----- Records shown -----

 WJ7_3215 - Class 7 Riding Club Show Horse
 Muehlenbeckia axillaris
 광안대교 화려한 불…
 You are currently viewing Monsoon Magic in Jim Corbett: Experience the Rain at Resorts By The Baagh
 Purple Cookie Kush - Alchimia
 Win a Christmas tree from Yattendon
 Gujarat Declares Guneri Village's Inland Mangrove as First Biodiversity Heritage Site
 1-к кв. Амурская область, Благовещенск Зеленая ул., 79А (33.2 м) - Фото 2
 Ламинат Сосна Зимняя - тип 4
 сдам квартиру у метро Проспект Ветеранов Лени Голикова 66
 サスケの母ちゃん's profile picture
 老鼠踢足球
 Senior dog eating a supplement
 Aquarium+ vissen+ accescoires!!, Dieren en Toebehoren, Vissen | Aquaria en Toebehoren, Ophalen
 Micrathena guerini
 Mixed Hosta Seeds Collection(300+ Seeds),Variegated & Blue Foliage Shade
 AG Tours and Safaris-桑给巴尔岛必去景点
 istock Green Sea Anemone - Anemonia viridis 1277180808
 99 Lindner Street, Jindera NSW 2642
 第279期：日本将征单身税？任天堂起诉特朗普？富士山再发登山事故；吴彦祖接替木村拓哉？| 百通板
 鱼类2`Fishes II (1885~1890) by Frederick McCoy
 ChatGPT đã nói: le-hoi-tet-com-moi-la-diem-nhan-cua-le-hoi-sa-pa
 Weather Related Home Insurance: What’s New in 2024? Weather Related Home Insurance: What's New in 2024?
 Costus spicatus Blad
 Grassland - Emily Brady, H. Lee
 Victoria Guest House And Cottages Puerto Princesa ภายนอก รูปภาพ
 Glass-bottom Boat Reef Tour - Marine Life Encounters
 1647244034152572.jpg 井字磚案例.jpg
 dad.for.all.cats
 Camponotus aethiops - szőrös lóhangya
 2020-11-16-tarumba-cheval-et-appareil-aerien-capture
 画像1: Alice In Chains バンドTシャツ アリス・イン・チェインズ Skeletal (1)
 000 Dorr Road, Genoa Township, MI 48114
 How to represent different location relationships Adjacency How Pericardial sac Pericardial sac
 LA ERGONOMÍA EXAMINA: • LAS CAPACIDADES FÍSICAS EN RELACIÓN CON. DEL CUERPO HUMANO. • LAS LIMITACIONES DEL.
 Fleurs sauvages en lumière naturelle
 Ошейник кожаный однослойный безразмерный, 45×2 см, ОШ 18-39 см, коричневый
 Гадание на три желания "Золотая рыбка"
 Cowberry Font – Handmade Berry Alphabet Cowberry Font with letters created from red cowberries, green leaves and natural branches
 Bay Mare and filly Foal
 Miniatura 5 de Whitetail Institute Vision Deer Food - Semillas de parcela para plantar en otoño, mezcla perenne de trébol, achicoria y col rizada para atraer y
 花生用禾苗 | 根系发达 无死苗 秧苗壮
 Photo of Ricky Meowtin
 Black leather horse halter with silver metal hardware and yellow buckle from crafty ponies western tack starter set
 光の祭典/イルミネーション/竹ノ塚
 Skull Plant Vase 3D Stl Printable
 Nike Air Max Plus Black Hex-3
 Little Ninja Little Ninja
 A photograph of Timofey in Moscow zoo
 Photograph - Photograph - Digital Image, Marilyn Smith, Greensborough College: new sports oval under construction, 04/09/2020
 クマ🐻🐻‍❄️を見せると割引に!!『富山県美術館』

-----

Exercise aim:
What you return should be exactly the lines above, starting at the one with "Black leather horse" and ending at the one with "A photograph of Timofey in Moscow zoo", and nothing else.

Answer box:
 Black leather horse halter with silver metal hardware and yellow buckle from crafty ponies western tack starter set
 光の祭典/イルミネーション/竹ノ塚
 Skull Plant Vase 3D Stl Printable
 Nike Air Max Plus Black Hex-3
 Little Ninja Little Ninja
 A photograph of Timofey in Moscow zoo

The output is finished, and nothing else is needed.